Access the Report Builder 
2013 Corporate Responsibility Report 
www.intel.com/go/responsibility

Our Business and Integrated Value Approach

Intel’s CEO sets the tone for our ethical culture and holds managers accountable
for communicating ethics and compliance expectations. Each year, our CEO
communicates with employees and senior managers about the importance of
ethics and legal compliance. This “tone from the top”—combined with our annual
ethics and compliance training, regular communications throughout the year, and
educational resources on our employee intranet site—helps to create an ethical
and legally compliant culture.

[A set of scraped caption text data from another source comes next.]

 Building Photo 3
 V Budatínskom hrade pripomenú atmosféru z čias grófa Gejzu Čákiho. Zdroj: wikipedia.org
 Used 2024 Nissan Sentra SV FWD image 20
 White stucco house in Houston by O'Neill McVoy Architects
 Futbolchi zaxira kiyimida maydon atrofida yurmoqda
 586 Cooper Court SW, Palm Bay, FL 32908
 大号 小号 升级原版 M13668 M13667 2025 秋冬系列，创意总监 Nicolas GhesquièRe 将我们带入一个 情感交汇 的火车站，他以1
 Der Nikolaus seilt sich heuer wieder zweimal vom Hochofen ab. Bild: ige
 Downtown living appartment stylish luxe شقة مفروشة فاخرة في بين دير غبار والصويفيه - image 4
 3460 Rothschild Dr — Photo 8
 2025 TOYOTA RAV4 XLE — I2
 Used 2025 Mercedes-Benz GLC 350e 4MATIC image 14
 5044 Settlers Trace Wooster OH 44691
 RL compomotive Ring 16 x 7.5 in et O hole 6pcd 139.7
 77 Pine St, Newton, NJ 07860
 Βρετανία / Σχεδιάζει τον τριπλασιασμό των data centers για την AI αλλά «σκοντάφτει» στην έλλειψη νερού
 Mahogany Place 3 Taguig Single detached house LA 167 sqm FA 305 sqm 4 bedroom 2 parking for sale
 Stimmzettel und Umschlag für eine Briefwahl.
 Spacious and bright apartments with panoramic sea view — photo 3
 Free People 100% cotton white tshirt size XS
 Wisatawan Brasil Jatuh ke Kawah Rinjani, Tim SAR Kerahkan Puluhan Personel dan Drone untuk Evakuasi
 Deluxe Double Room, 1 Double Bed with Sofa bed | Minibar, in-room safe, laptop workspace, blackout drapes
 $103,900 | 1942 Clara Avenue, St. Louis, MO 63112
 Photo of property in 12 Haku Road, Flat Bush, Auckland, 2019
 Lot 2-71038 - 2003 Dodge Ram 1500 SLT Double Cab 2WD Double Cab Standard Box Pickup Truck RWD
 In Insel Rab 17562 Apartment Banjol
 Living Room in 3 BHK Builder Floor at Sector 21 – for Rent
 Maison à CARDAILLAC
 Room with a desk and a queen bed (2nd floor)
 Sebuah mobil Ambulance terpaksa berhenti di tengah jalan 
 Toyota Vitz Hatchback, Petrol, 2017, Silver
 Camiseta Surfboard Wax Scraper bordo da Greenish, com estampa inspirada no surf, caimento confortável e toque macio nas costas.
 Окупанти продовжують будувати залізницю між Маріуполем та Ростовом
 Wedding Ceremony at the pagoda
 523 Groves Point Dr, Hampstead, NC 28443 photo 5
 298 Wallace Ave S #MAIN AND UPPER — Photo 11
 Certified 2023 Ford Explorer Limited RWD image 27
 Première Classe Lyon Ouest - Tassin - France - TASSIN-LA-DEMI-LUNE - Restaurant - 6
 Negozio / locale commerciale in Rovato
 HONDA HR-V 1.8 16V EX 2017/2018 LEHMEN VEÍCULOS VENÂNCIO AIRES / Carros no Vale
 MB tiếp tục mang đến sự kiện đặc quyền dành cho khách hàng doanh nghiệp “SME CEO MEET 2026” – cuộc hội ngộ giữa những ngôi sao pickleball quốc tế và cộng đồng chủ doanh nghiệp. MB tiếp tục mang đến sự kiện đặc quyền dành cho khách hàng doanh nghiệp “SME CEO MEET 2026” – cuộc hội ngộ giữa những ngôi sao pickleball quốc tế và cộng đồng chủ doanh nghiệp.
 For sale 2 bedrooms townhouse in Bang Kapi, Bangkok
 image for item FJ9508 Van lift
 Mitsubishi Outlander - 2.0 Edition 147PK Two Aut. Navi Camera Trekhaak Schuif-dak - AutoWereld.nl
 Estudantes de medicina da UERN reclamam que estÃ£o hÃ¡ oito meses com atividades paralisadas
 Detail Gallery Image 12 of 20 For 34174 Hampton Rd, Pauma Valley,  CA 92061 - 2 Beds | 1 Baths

In 2013, we also conducted an ethics culture survey
of employees that monitored their perception of manager tone and comfort level
about raising concerns.
Each year, Intel’s Ethics and Compliance Oversight Committee (ECOC) invites
various Intel organizations to assess and report on ethics and compliance in
their respective businesses or sites, and reviews risk topics that span business
groups. In 2013, seven Intel business groups, subsidiaries, and sites completed
comprehensive risk assessment reviews with the ECOC. Business groups also
monitor their performance (including training, management tone, risk assessment
and more) on a quarterly basis, and send results to the Corporate Ethics Office. In
addition, they conduct self-assessments and implement action plans.
We regularly recognize teams and individual employees for their contributions
to Intel’s ethical and compliant environment through the Intel Ethics and
Compliance Excellence Awards program, launched in 2010. In 2013, four teams
and individuals received the award. We also have an internal Ethics and Legal
Compliance Group speaker series and newsletter, which in 2013 covered themes
such as export compliance, antitrust, anti-corruption, and privacy.
Intel maintains a robust process for reporting misconduct, including online
channels, and has a clearly communicated non-retaliation policy. Processes for
informing senior management and the Board about allegations of misconduct
include periodic reports of overall misconduct statistics, as well as details about
key investigations in progress and after completion. Our Ethics and Compliance
Business Champions review quarterly investigative packages with the leaders of

their respective business groups. The largest categories of verified cases in 2013
were corporate travel card misuse, expense reporting misconduct, conflict of
interest, falsification of employment credentials, and misuse of assets. Consistent
with our commitment to maintaining the highest levels of ethics and compliance,
we are addressing these concerns through senior management discussions,
employee communications, and individual corrective action measures.
In 2014, as we expand into new markets and businesses, we will continue to
assess risk and execute our programs globally for current and new employees
to help ensure that we act with uncompromised integrity worldwide.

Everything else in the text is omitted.